O texto de Julien Gracq ensina-nos que o charlatanismo ou o carreirismo não são especificidades portuguesas. Ainda que indigne ao patriota português saber que não há nada à face da Terra que já não tenha sido feito por alguém, não parece razoável acreditar que certas singelas práticas, tais como atribuir cinco resplandecentes estrelas (para os que não sabem, a literatura resume-se às estrelas, aos adjectivos e ao gosto / não gosto) a livro dado à estampa por amigo ou amigo do amigo (“Rimbaud redivivus”), sejam originalidade lusitana. A Literatura no Estômago é uma obra sobre este tempo, sobre qualquer tempo. Quando na apresentação descreve os prémios literários como um “acúmulo de pequenas corrupções e imposturas, de invejas e conspirações ridículas, de conluios vergonhosos entre jurados, de mandarinatos e tráficos de influência”, Ernesto Sampaio está a reprovar a forma como sempre se distribuíram honrarias na literatura. Não importa que estejamos em 1950, em 1985 ou em 2015. Os prémios constituem problema num planeta habitado por mamíferos da ordem dos primatas, isto é, por seres corruptíveis e parciais. Escreve Gracq que há em literatura lugares invejáveis “que se distribuem como essas pastas ministeriais caídas nas mãos de candidatos em nada indicados para o efeito senão pelo facto de estarem sempre lá.” Os que estão sempre lá: os que saltam de apresentação em apresentação, os que têm lugar cativo nessa multiplicidade de festivais literários montados com o intuito de glorificar os que sempre lá estão, os que não desmontam, que não escrevem, nem lêem, os que só têm tempo para os eventos e para debitar  frases redundantes e ocas.

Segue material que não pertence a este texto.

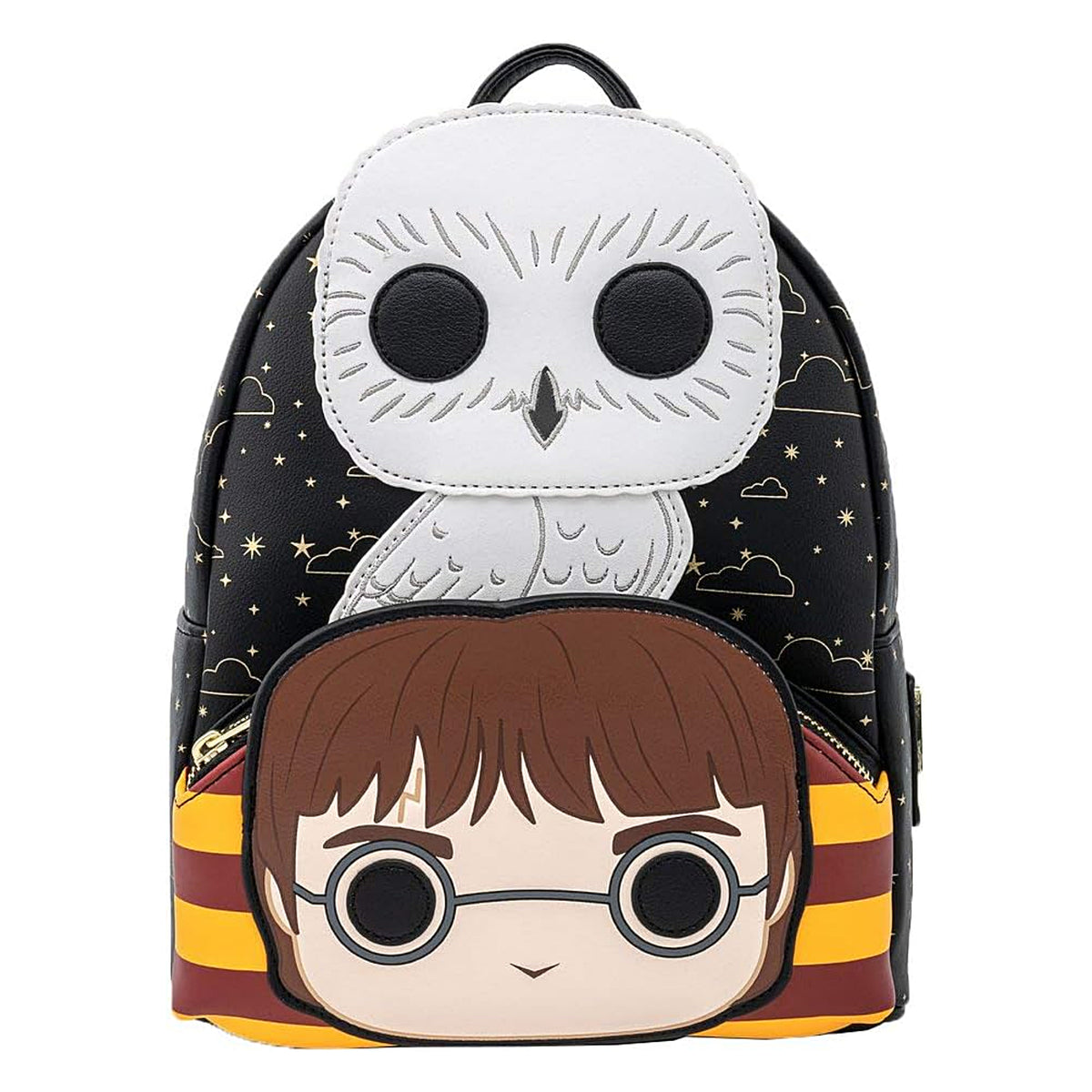 Loungefly Harry Potter Hedwig Cosplay Mini Backpack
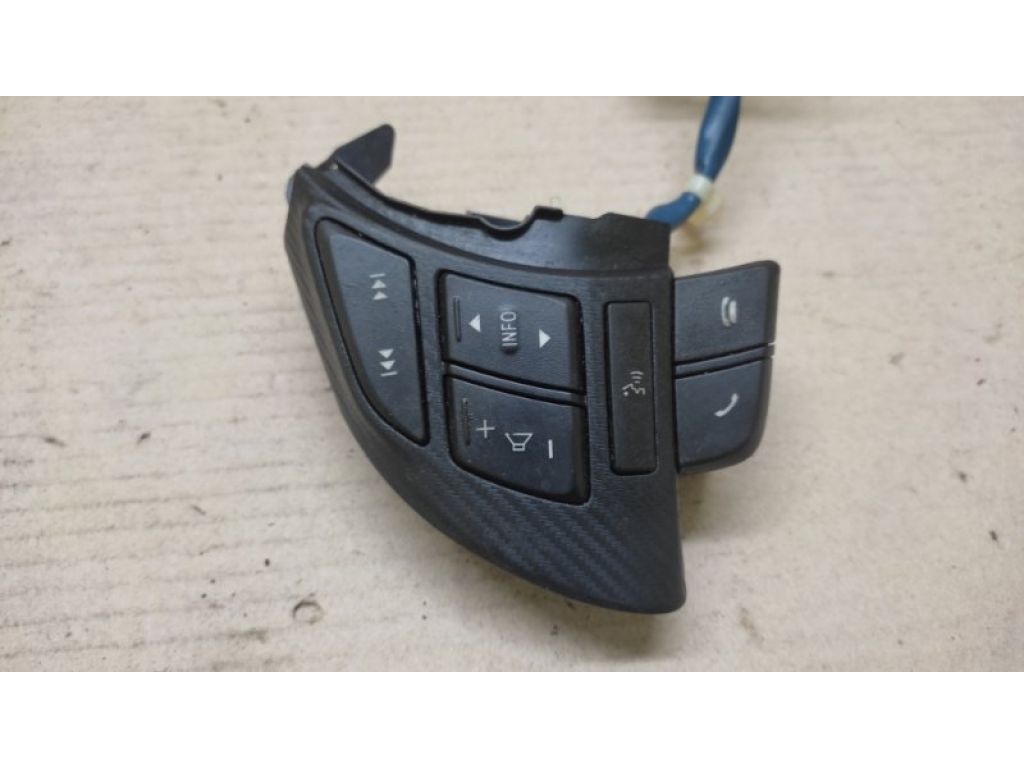 KD62-66-4M9 | Кнопки на руль лев. MAZDA CX-5 (KE) 11-17 - Фото 2
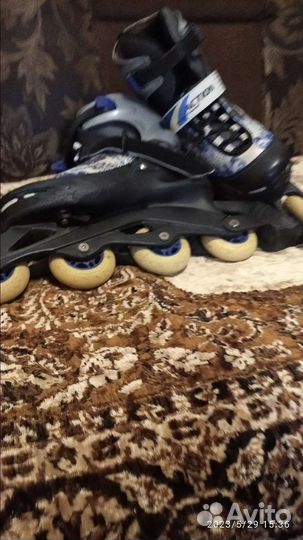 Ролики rollerblade 39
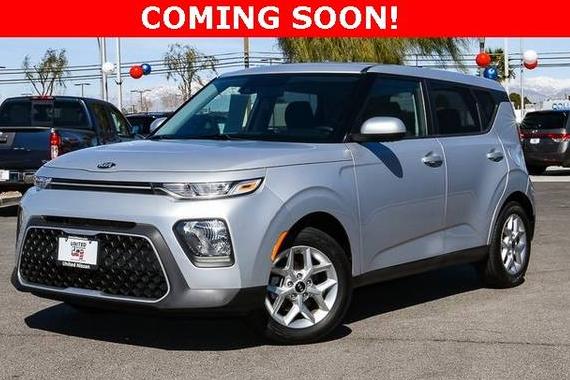 KIA SOUL 2020 KNDJ23AU5L7117263 image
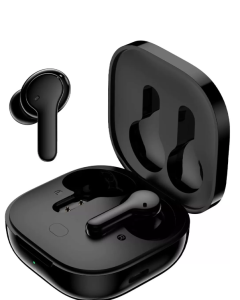 Fone De Ouvido Qcy T13 Com 4 Microfones E Bluetooth 5.1 BH22DT10A Cor Branco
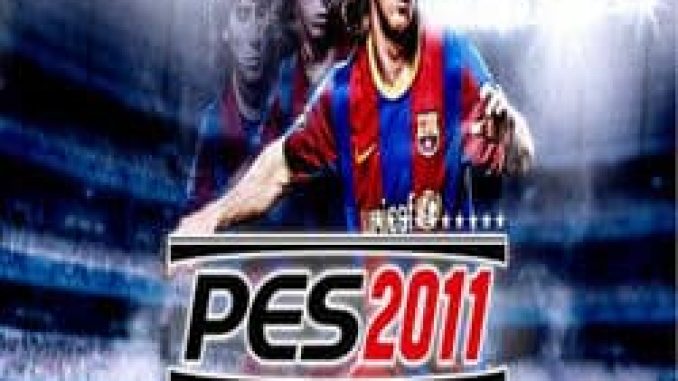 Pro Evolution Soccer 2011 PC Game Full Version Free Download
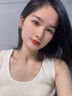 伊燦氣質(zhì)名媛黑色鋯石三角耳釘女個性高級感2025新款爆款輕奢小眾耳飾 黑色三角形耳釘 曬單實拍圖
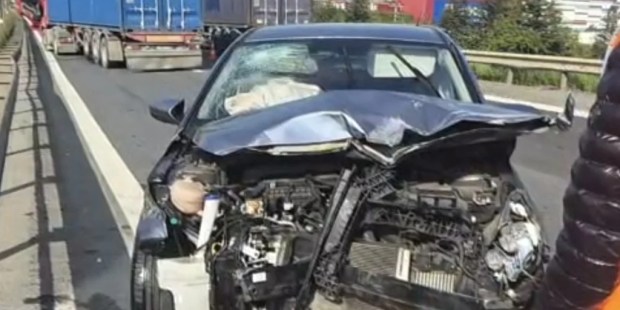Çayırova’da 2 kişi yaralandı!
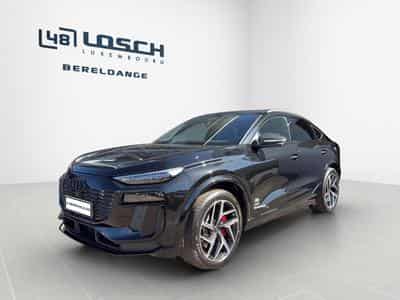 Audi SQ6 e-tron Sportback (2026) - Photo 1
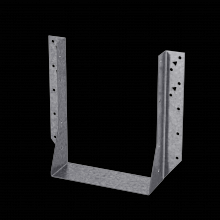 Simpson Strong-Tie HU410-2 - HU Galvanized Face-Mount Joist Hanger for Double 4x10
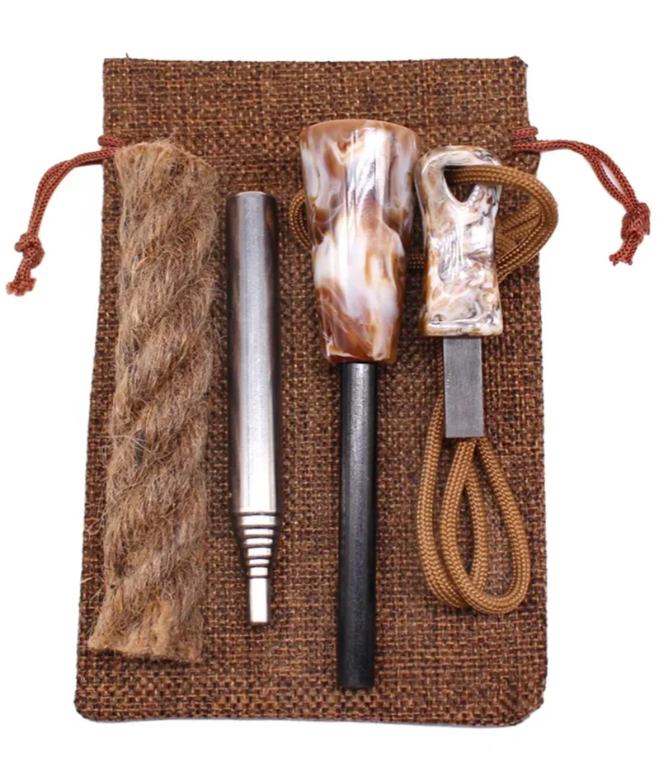 Pocket Campfire Starting Set image 0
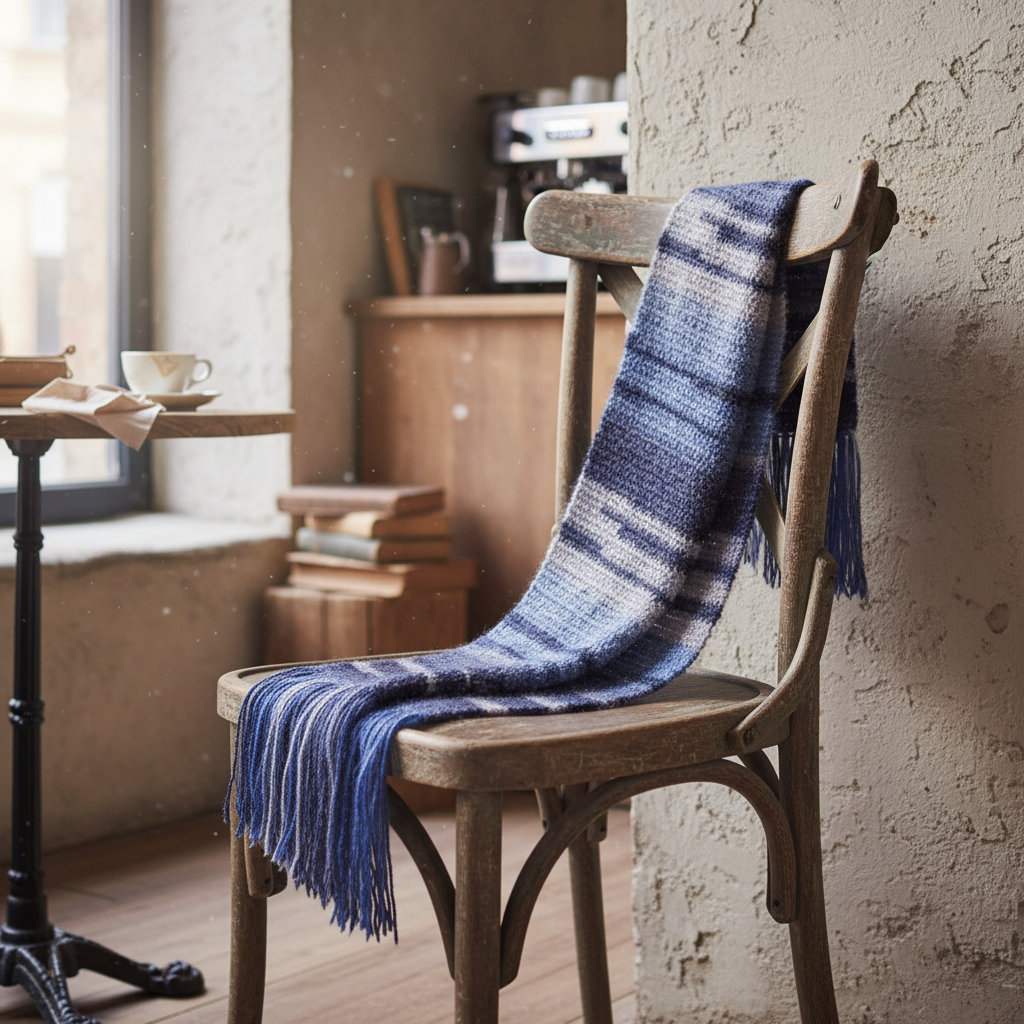 Crochet Soft Layers Wrap Pattern (PDF Download)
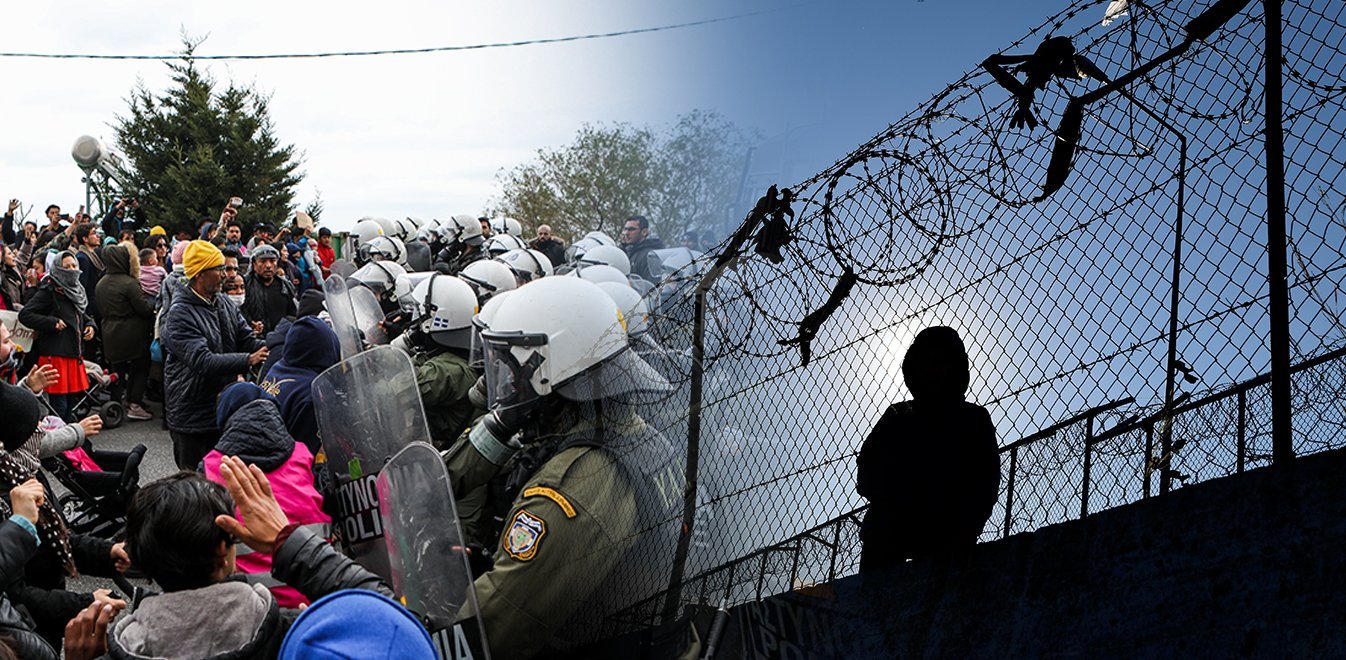 Έβρος: Συμπλοκή λαθραίων μεταναστών για το ποιος  θα περάσει το ποτάμι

“Um ansioso, um nervoso. Aqui estou! Aqui estou – aqui estou sempre!”, brada o escritor francês que, segundo Gracq, existe muito menos na medida em que é lido do que na medida em que dele falam. O presente português é ainda mais negro. O sucesso do escritor lusitano também depende do número de vezes que aparece. Quem não se mostra, cai no esquecimento. Aparecer e opinar. Estar sempre lá. Os condimentos que conduzem à fama desviam da arte. A literatura, esta literaturazinha que não reside nos livros, que depende de um constante espectáculo montado por e para situacionistas, é uma literatura burocratizada que somente serve tarefeiros incapazes de se dedicarem à reclusão e ao silêncio ou de sacrificarem tudo em prol de duas frases bem escritas. E por isso oscila entre a retrete e o vómito. Em que escritores pensámos ao longo da leitura de A Literatura no Estômago? Nos franceses de há sessenta anos, nos portugueses de agora? Pensámos que a literatura, como quase tudo em que o ser humano toca, é um lixo.